第3話 偽装工作

 屋敷はひっそりと静まっていた。

 私とシャリオ、そして出迎えに出た何人かの下男たちの手で、棺桶を玄関に並べる。

 そこへお兄様たちが現れた。


「お兄様、静かですね。侍女たちは?」

「大方の者たちには金を渡し、暇をやった。残っている者たちは善意だ」


 お世話になりましたから、と下男たちは神妙な顔つきで呟く。


「ありがとう、みんな……」


 お兄様が下男たちにも金銭を渡し、家に帰らせた。

 ついに広々とした屋敷には、私たち家族と、シャリオだけになった。


「それで、アンネ、その棺は何だ?」

「私たちの身代わりです」


 棺を外す。お母様が「ひ!」と声を震わせ、顔を背けた。

 私は自分とそれほど歳の変わらない少女に、自分が身につけていたアクセサリーを装着させた。


「なるほど」


 お兄様は意図を察して、荷物からこれまで王国に奉仕した証である勲章を取り出すと、自分の身代わりである遺体に身につけさせた。


「お前たち、何をしているんだ?」

「お父様、私たちが家を出ると同時に館に火を放ちます。この美しい宝飾品は私たちには不必要なものですから。そして燃え落ちた館から身元不明の遺体が発見される。その遺体の顔かたちは分からずとも、身につけた装飾の類いは辛うじて区別がつくはず。きっと王国の方々は私たちが絶望して屋敷に火を放って自害したと考えるでしょう。そうして逃げる時間を稼ぎます」

「分かったが、私には装着させるものなど」

「その指環がございますわ」

「! これは公爵家の当主の証だ。聖王陛下より我らが先祖が受け継いだ……」

「そうです。だからこそ、その指環を装着した遺体がお父様であるという説得力が出るのですわ。逆にその指環がなければ、王国側は偽装をあっさりと見抜く恐れがあります」

「父上、迷っている時間はございません。我々は帝国に亡命すると決めました。最早、聖王陛下より賜りし宝物は無用です」


 お兄様からの言葉がだめ押しになったのか、お父様は「分かった……」と無念そうに顔を伏せ、外した指環を誰とも知れぬ遺体に身につけさせた。


「お母様も、どうか」

「……ええ。でも遺体には……」

「私が代わりにします」


 お母様からアクセサリーを受け取り、遺体に身につけさせる。


「お兄様の荷物は?」

「必要最低限のものをまとめて馬車にのせてある」

「では参りましょう。――シャリオ、あなたもよく付き合ってくれたわ」


 シャリオに金貨の入った袋を渡そうとするが、首を横に振って受け取ろうとしなかった。


「お願いします、俺も連れて行ってください!」


 その場でシャリオは土下座をする。


「何でもやります! だからお願いします! 俺には家族がいません! ストリートの連中は大切だけど、今はアンネローザ様や旦那様、奥方様、ゲオルグ様のほうがずっとずっと大切なんです……っ!」


 私たちは顔を見合わせた。


「私は、賛成です」

「分かった。

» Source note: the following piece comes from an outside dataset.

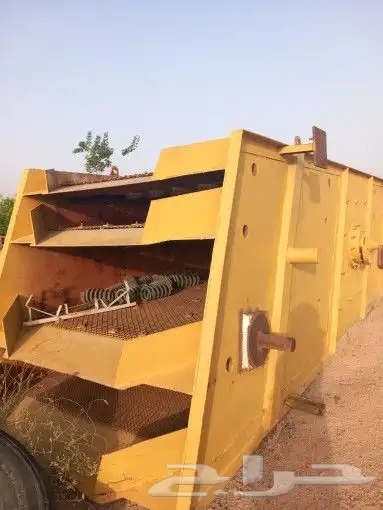 غربال للبيع 1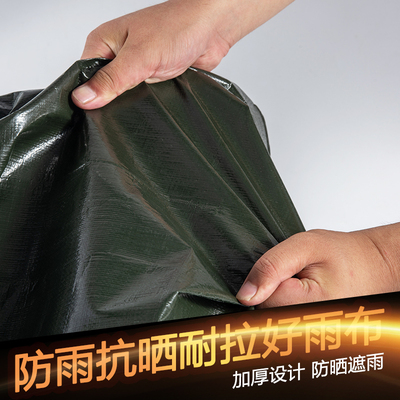加厚绿银篷布遮阳布防雨布防水布防晒防水户外帆布雨棚油布塑料布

シャリオ、こき使うぞ」


 お兄様は笑顔で言うと、「はい!」とシャリオは応じた。

 私たちは住み慣れた屋敷に火を放ち、馬車を飛ばした。

 王都の門番に金を握らせて通してもらい、城を出る。

 王都を望む小高い丘で一度馬車を止めてもらい、私は外に出た。

 月明かりにぼんやりと浮かび上がった王都の空の一画が、赤く光っているのがうっすらとだが見えた。